Each of the films has little mistakes here and there, be they gaffs on-screen or slip-ups in character logic. In a surprising amount of the films, crew are visible from one shot to another, while re-used footage sometimes sticks out like a sore thumb. Why yes Star Trek: Generations, that is YOU being referred to there. Twas a fine Klingon Bird-of-Prey explosion...now where did we see that before?
These examples vary from forgivable and humble to downright insulting. Little continuity fluffs certainly aren't the worst of the bunch but when it comes to something like getting the REGISTRY NUMBER of the Enterprise wrong? Oof. Be that as it may, nothing is perfect so let's live and let live, while we laugh at these mistakes.
13. Magically Repairing Console
Part of the main drive of the second half of Star Trek: The Motion Picture is the fallout from the death of Lt. Ilia. While she may simply have been ‘assimilated’ by V’ger, the fact is a living, breathing member of the crew is taken away. This is preceded and perhaps caused by Spock’s actions to save the ship. Honestly, does this man ever tire of saving the Enterprise?
While the probe moves through the bridge, Chekov is burned quite badly, displaying its perceived destructive intent. So, when it approaches the science console and begins rapidly scanning through the entire library of the ship, there is no indication that it will do so peacefully, nor use the information it gathers for nefarious reasons.
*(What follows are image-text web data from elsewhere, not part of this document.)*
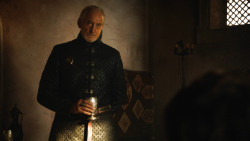 extant_GameOfThrones_3x01-ValarDohaeris_2946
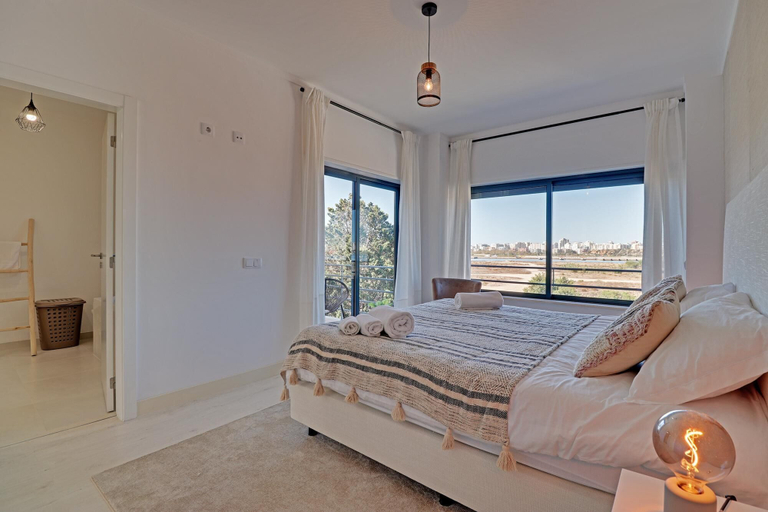 Others 4, Casa Ferraguido by Portucasa, Lagoa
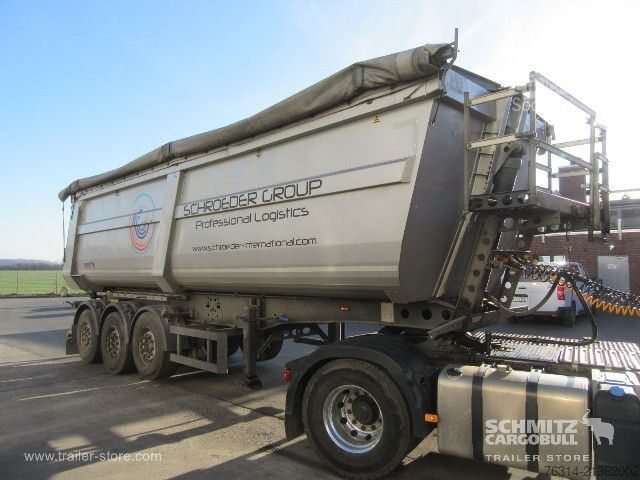 Tippsemitrailer Schmitz Cargobull Kipper Stahlrundmulde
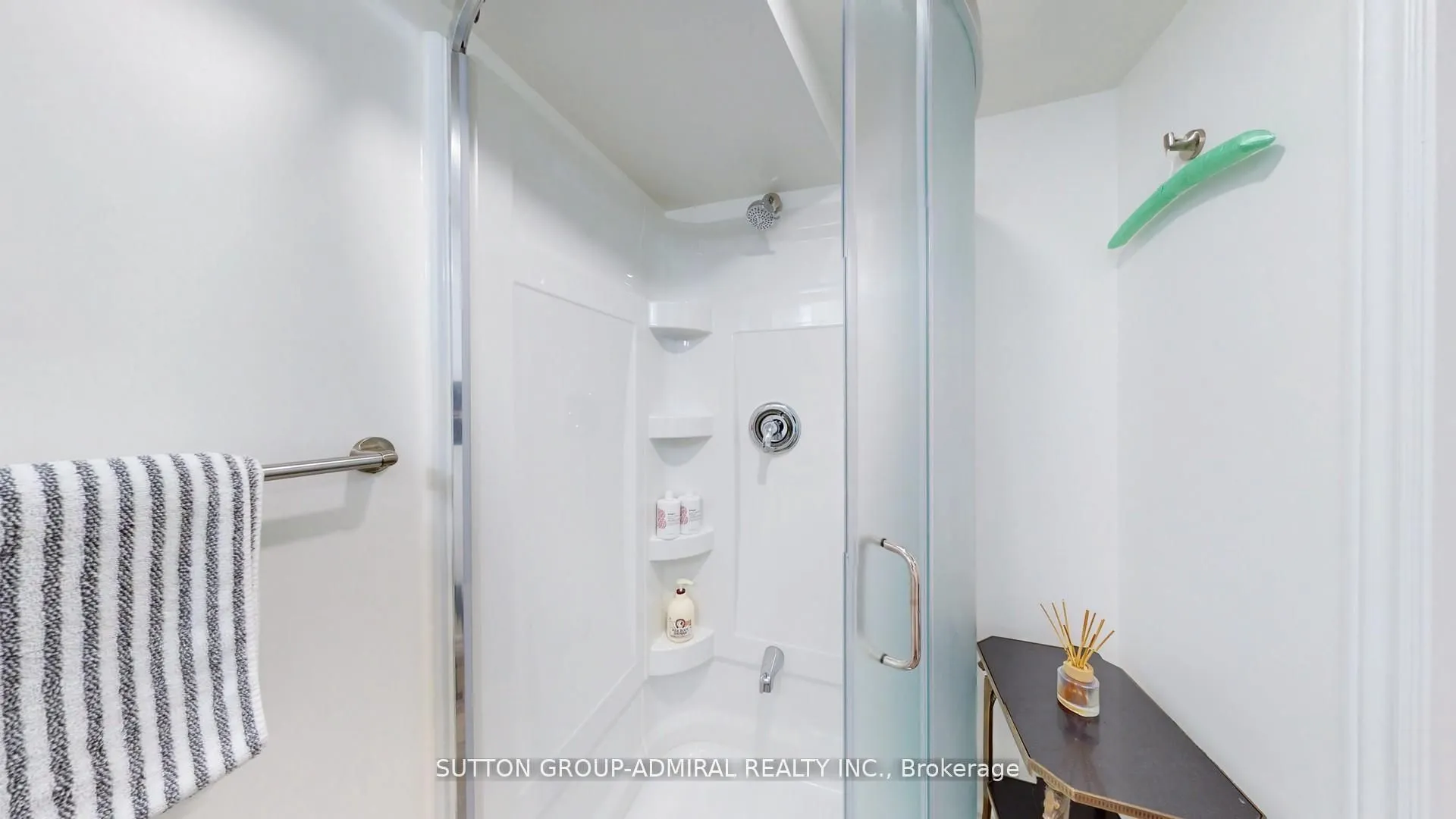 9767 Niagara River Parkway #Main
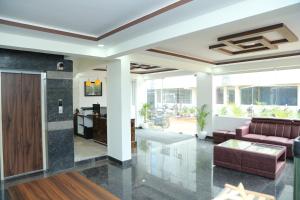耶拉汉卡Hotel Bangalore Airport inn, Airport Pickup & Drop Available 24X7的客厅配有沙发和桌子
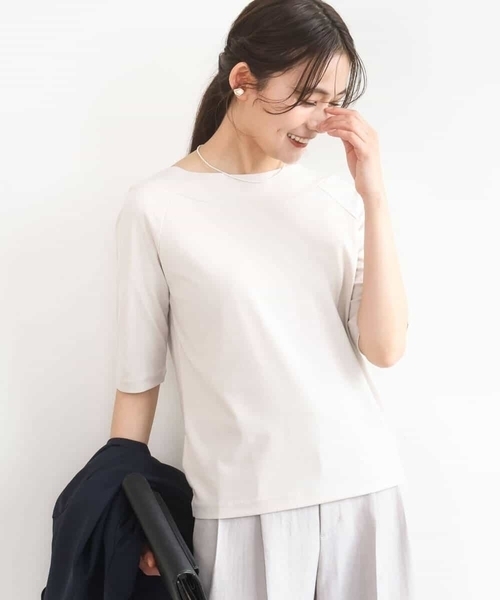 MK MICHEL KLEIN（エムケーミッシェルクラン）の「2wayネックデザインポンチカットソー/接触冷感/UVカット/洗える（Tシャツ/カットソー・レディース・ベージュ/ブラック・38）」の10枚目の写真
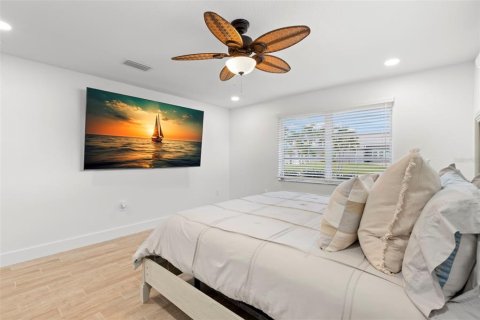 House in Treasure Island, Florida 3 bedrooms, 149.11 sq.m. № 1909962 - photo 23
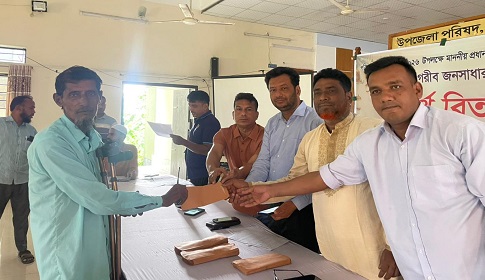 ‎সালথায় প্রধানমন্ত্রীর ত্রাণ তহবিলের অর্থ বিতরণ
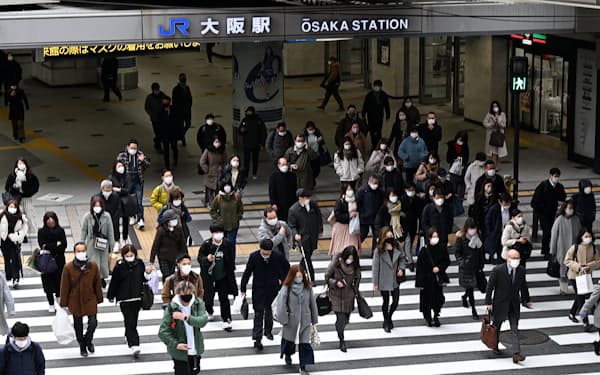 JR大阪駅前をマスク姿で歩く人たち（24日午前、大阪市北区）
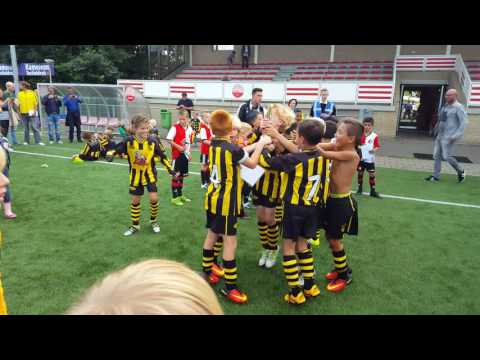 21 augustus 2016 - Wilhelmus JO11-3 Prijsuitreiking na winst Jens Toornstra Toernooi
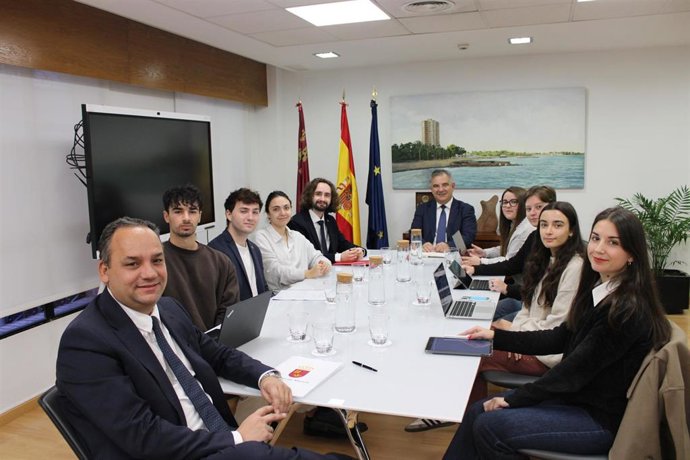El consejero Juan María Vázquez durante la reunión que mantuvo con los representantes de los consejos de estudiantes de la Universidad de Murcia y la Universidad Politécnica de Cartagena.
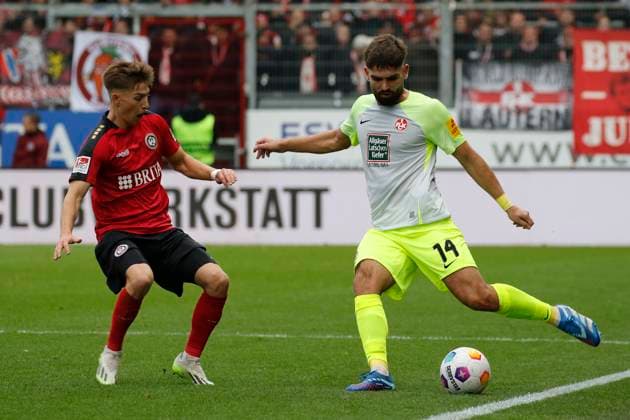12.11.2023, xavx, Fussball 2.Bundesliga, SV Wehen Wiesbaden - 1.FC Kaiserslautern emspor, v.l. Nick Bätzner (SV Wehen Wiesbaden), Nikola Soldo (1.FC Kaiserslautern) (DFL DFB REGULATIONS PROHIBIT ANY USE OF PHOTOGRAPHS as IMAGE SEQUENCES and or QUASI-VIDEO) Wiesbaden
Spock jumps in and smashes the console with his hand, breaking it apart and severing the connection.
V’ger is less than pleased and begins shocking the Vulcan badly. However, had it waited a moment and turned back to the science station, it would have seen a magically healed console. The damage that Spock visited on it is gone in the next moment. Obviously, this is an error in continuity. Or, the Enterprise healed herself because of course she did. It’s up to the Final Frontier’s God to make the call.